Lines in the Sand

Last night I was eating a frozen strawberry Popsicle and a thought skittered through my mind. How in the known world did we get so biased?

It’s amazing how much bias there is in the world today, how much snob, how many questions there are concerning what is good and what is bad, what should be knocked down or revered. Even in the writing world there is tension between genres, between Literature and literature, between the simple hobbyist and world-renown author. It’s an interesting world we must sift through, but may I suggest we do not sift through it at all, rather plunge through unhindered by judgment, by biased opinions, by these distinctions of “high” and “low” writing.

Who says the writer who pens fanfiction is somehow less important than the author with published works attached to his name? Who determined that the writers who pen erotica and romance novels are somehow less Literary then the ones who write fiction?
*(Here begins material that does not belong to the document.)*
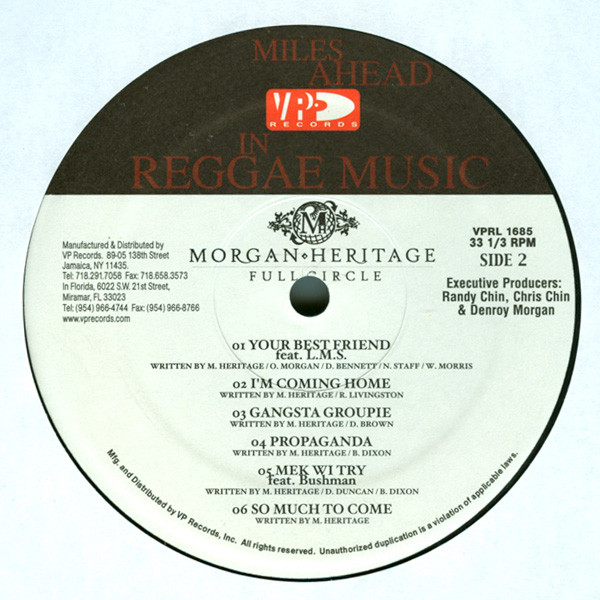 Morgan Heritage - Full Circle (LP, Album)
They are, after all, merely distinctions. Someone, somewhere, decided to gouge a line in the sand concerning Literature and ‘everything else’ and somehow, someway, we let him. It’s silly once you think about it. A fanfiction author does not write works any less than a Literature author, and the works of romance are not somehow smaller than the works of non-fiction.

It is all one thing. Every person who puts pen to paper or fingers to keyboard, whether it is poetry, erotica, sci-fi, Literature, memoirs, journals or articles, does the same thing: writes. These people take time out of their busy schedules, ignoring the pulls of society, family and friends, and sit down (or stand, if you have one of those handy treadmill desks) and write.

And yet somehow, in our society, we deem Romance novelist as ‘less’ than Literature. We suggest that fanfic is not as extraordinary as ‘the real thing.’ We are biased. Might I suggest that we are also – almost – too biased? Writers write, and we should support everyone who does, regardless of age, gender, genre, or style. It’s all the same process, all the same hours, all the same dedication, and, in my humble opinion, all writing deserves some sort of clap on the back.

This is not to suggest that every work that was ever written is actually good – far from it actually (Fifty Shades, anyone?) but every writer should get something for their efforts. A smile, if anything, a note from a fan perhaps, even a simple ‘you did it’ will do. I might not think Fifty Shades is good, but I applaud E.L. James for having the dedication to pen the series.

So before you dismiss the erotica writers as lower than average, before you scoff at the sci-fi authors as writing ‘genre’, before you laugh at any form of writing and say ‘I can do that,’ remember this: you did not spend hours working on this one piece, you did not agonize over the characters, re-format the prose, and decide to center the poetry, someone else did. And that deserves at least a little credit.

Am I on the right track here – what do you think about the biased notions surrounding certain writers?

Warm regards,


3 thoughts on “Lines in the Sand

  1. Oh, this is awesome! Very well said. Very well said. This is something that tugs at my brain constantly: bias and the hierarchy of writing. It’s out there, and what do we do about it? Nothing. I was discussing this with my friend at a booksale the other day concerning sci-fi. He listed some authors he regarded as science fiction writers (Bradbury, HG Wells, Philip K Dick) and I quickly corrected him, saying they were literary sci-fi writers. Their pieces were no less important than the 19th century writers, or the romanticists, or the western canon, or the transnationalists. They all said profound things through their writing. It all just happened to take place in a far off world.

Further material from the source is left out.